Telling this all, I have made my views clear that I don't see any possibility of specialised Marketing Analytics Software. But developments are happening on building specialised tools for each Marketing Analytics activity like Segmentation and Other Analyses. MA will thus grow, but always remain a external analytic consulting work or the internal analytics team's challenge. It will need man hours all the time.

What is your take in this matter? Please share your views in comment.

5 comments:

John said...

We do!!!

Our NEW company just released a tool called modelQED - let me know if you want a trial to see exactly what is out there.

www.marketingqed.com/products/modelQED.html

It will take some man hours but my take is that leaving it to consultancies is dangerous. btw - Google analytics is reporting software - not analytics in the sense that it does nothing but report dynamic data. WE believe that analytical software is different - it does unique things with raw data to help generate insight.

Bhupendra said...

John:
Thanks for stopping by my blog and commenting on the same. I would certainly want to know more about ModelQED. Please do share with me.

I agree with you in saying Google Analytics as a reporting software.

But I am finding hard to agree on next point of yours. Analytics is always done in two ways - product based and consulting. I don't know why you feel consulting is dangerous. Consulting is the best way to get other's expertise with lower investment.

-- Bhupendra

John said...

Sorry - the point i made wasn't clear. I was trying to suggest that organisations need to take some responsibility for marketing analytics in house. External Consultancies have a valuable part to play in helping develop new techniques and methodologies but for marketing analytics to become a more valuable proposition, companies are going to need to have some in-house expertise. The CPG companies have known this for a while (think Kraft, P&G etc) and others are catching up quickly.

Bhupendra said...

John, Thanks for making your point more clear.
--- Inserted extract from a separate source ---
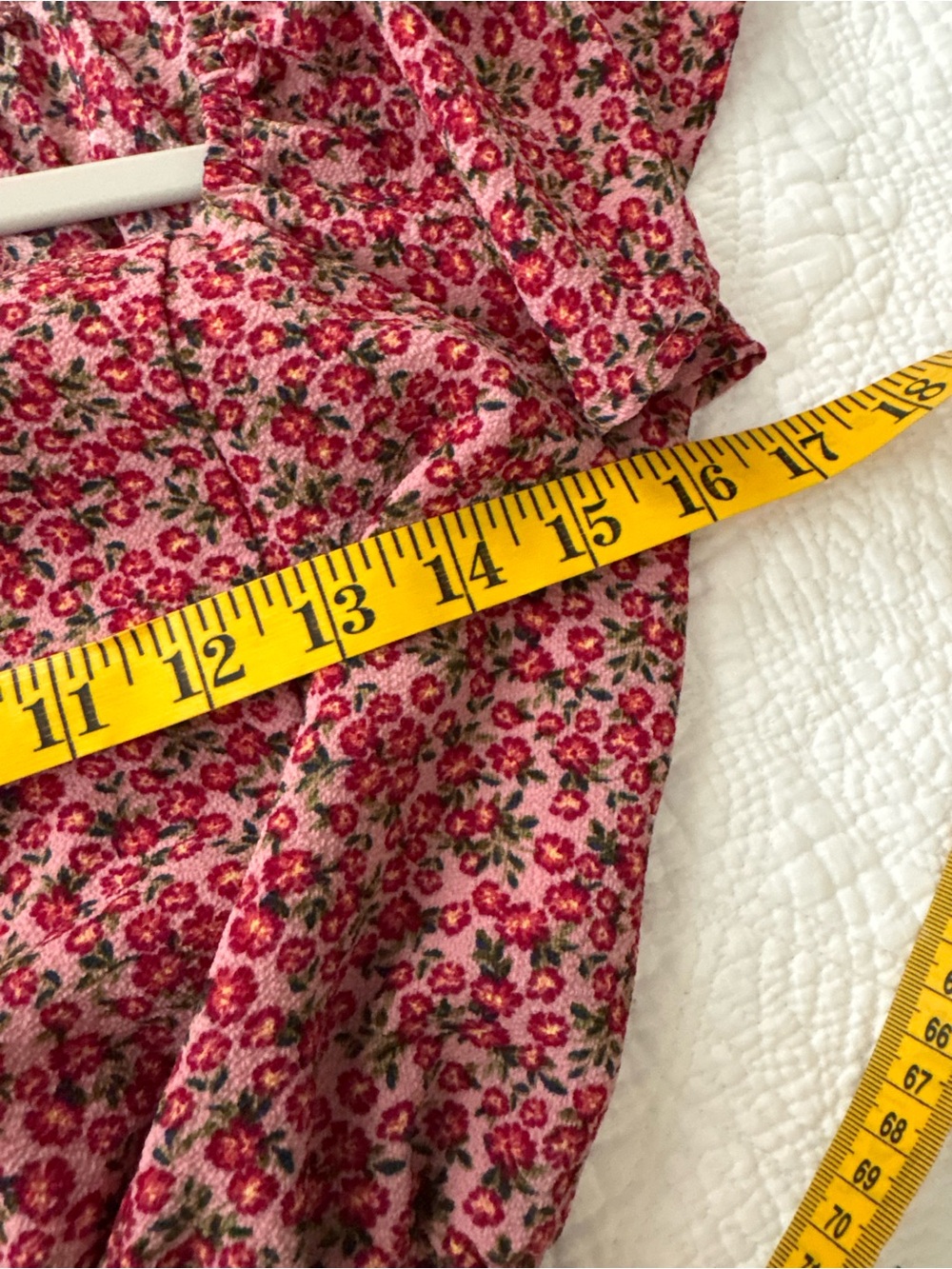 Monteau Pink Floral Smocked Crop Top w/short flutter sleeves. Small. Great shape - Picture 13 of 15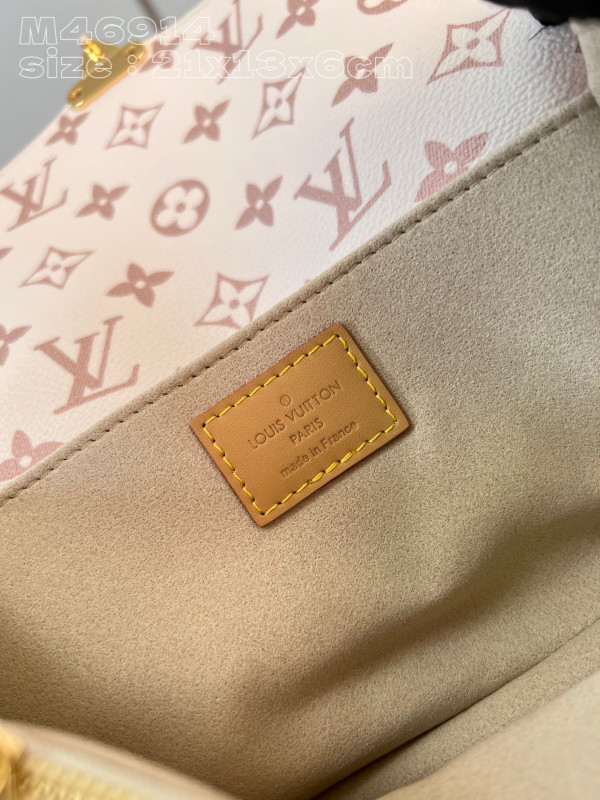 l**is V*t*n pochette metis east west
I however find difficult to agree with you in building internal Analytics team for marketing analytics. It is always good to have internal teams from HR management to Operations, It management to Analytics; but every team added take some time from the higher management. This is the reason why different processes are outsourced from large business houses.

I have seen a trend in mature companies. For all process, the channel starts with consulting, grows inhouse and again outsourced later. May be the examples you have shown are moving from stage one to two.

I would say, it all depends on how the higher management want to grow. There are few who prefer diversification to have all works internally done to save recurring consulting cost, while others prefer to save time and remain focussed on their core business area. Marketing Analytics, like all other process may grow both ways.

-- Bhupendra

John said...

I agree that Marketing Analytics can grow both ways - i.e. be done in house or be outsourced.

Given that the marketing function is at the heart of revenue generation, I can't think of a good case for not keeping a very close eye on it. In many ways, it strikes me that marketing should be the last and not the first outsourced function.